During the 70s, he recorded for RCA Victor and Capitol but charted only occasionally. Nevertheless, his songwriting provided a consistent income. Elvis Presley had a Top Five hit with Wheelers Its Midnight, and in 1980 he hit it big when he and Roger Bowling penned Kenny Rogers smash hit Coward of the County. It spent three weeks at number one on the country charts. By the early 2000s, Wheeler estimated the total sales of recordings containing his songs at 57 million units, with various Rogers compilations constituting a sizable portion of that total.

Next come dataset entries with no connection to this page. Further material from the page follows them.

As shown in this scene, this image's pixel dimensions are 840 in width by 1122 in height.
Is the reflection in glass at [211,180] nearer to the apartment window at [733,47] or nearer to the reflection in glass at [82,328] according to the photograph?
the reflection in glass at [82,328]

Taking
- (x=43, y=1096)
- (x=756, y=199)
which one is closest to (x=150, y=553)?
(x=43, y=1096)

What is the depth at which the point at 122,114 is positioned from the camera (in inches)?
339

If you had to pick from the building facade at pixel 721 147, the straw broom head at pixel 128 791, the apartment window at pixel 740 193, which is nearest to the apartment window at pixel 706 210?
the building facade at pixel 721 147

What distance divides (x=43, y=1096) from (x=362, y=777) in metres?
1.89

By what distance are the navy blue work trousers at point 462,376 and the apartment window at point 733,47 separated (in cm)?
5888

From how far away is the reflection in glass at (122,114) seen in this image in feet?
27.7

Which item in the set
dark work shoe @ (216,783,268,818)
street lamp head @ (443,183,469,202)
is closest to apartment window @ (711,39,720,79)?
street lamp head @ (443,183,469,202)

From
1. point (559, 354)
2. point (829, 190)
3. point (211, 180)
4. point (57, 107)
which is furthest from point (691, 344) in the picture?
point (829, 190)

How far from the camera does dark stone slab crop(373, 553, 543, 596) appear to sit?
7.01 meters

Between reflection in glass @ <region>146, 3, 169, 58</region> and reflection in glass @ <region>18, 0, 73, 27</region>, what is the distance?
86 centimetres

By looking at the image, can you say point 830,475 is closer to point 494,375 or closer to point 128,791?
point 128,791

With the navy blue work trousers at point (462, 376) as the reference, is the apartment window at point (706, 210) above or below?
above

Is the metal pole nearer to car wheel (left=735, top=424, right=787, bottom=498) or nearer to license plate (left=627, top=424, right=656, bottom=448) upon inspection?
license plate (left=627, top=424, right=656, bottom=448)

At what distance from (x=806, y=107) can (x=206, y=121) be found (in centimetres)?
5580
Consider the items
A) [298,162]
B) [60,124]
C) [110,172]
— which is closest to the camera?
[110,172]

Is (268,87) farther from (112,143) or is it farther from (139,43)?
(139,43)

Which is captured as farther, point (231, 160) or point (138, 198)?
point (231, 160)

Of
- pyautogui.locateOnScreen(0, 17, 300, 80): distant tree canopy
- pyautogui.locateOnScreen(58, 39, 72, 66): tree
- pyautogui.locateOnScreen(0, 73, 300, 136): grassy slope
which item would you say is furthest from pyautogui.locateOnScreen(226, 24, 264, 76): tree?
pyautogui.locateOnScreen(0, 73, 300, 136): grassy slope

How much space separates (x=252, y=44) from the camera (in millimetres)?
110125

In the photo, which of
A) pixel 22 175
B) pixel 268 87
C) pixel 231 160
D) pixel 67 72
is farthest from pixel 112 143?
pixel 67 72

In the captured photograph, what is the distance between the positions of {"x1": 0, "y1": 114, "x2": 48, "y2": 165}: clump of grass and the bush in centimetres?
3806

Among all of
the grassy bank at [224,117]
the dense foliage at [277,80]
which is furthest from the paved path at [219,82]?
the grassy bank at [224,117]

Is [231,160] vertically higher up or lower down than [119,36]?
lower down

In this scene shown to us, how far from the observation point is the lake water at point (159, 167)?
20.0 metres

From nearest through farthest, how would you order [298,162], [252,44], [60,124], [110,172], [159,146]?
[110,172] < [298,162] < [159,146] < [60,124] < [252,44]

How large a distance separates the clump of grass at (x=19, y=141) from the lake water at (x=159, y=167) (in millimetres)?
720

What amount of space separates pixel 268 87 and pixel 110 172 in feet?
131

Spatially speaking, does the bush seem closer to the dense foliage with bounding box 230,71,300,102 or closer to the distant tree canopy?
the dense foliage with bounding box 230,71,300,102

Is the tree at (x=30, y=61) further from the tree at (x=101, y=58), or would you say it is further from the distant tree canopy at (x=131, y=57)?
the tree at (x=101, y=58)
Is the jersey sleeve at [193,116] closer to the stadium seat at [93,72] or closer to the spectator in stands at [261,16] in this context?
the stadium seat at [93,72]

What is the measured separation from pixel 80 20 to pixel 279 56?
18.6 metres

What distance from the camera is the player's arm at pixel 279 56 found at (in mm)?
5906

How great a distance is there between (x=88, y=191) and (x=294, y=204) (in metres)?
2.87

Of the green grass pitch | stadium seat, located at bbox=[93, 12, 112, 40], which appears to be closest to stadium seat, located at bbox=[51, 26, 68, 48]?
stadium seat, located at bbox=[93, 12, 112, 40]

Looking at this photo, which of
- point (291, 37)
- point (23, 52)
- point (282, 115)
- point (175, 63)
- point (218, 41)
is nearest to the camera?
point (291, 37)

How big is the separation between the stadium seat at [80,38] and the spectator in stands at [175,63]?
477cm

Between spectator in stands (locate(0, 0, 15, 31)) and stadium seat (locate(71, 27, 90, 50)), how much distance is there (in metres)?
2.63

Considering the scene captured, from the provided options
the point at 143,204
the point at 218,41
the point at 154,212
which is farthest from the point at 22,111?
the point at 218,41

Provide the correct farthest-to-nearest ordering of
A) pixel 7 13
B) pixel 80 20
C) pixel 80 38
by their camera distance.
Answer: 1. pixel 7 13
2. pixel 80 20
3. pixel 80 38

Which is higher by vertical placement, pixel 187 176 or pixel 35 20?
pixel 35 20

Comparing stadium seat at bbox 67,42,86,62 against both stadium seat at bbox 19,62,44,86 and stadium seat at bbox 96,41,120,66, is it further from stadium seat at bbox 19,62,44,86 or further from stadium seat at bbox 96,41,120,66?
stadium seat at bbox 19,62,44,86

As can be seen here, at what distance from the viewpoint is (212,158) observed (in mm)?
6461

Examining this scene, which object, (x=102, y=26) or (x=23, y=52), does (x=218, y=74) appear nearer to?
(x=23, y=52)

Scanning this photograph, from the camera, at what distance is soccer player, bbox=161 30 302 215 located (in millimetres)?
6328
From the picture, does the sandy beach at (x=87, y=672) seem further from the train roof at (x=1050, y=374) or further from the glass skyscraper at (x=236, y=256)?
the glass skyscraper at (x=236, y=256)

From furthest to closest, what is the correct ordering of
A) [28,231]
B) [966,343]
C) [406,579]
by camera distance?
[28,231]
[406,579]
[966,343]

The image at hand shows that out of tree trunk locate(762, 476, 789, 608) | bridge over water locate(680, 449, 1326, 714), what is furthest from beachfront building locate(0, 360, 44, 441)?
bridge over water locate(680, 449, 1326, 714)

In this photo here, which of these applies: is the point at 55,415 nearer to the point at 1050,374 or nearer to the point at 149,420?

With his wife and two children, Wheeler moved back to Swannanoa, NC, where he had attended college. He continued to write poetry, having published his first volume, Song of a Woods Colt, in 1969, and accelerated his playwriting activities. Wheeler has also authored a compilation of Appalachian humor and has created paintings in a folk-art style. He continued to write songs and to perform at festivals, played the banjo on several bluegrass albums, held songwriting workshops in his home, and recorded occasionally. Wheeler returned to folk music with the 1979 album Wild Mountain Flowers, released on the Flying Fish label.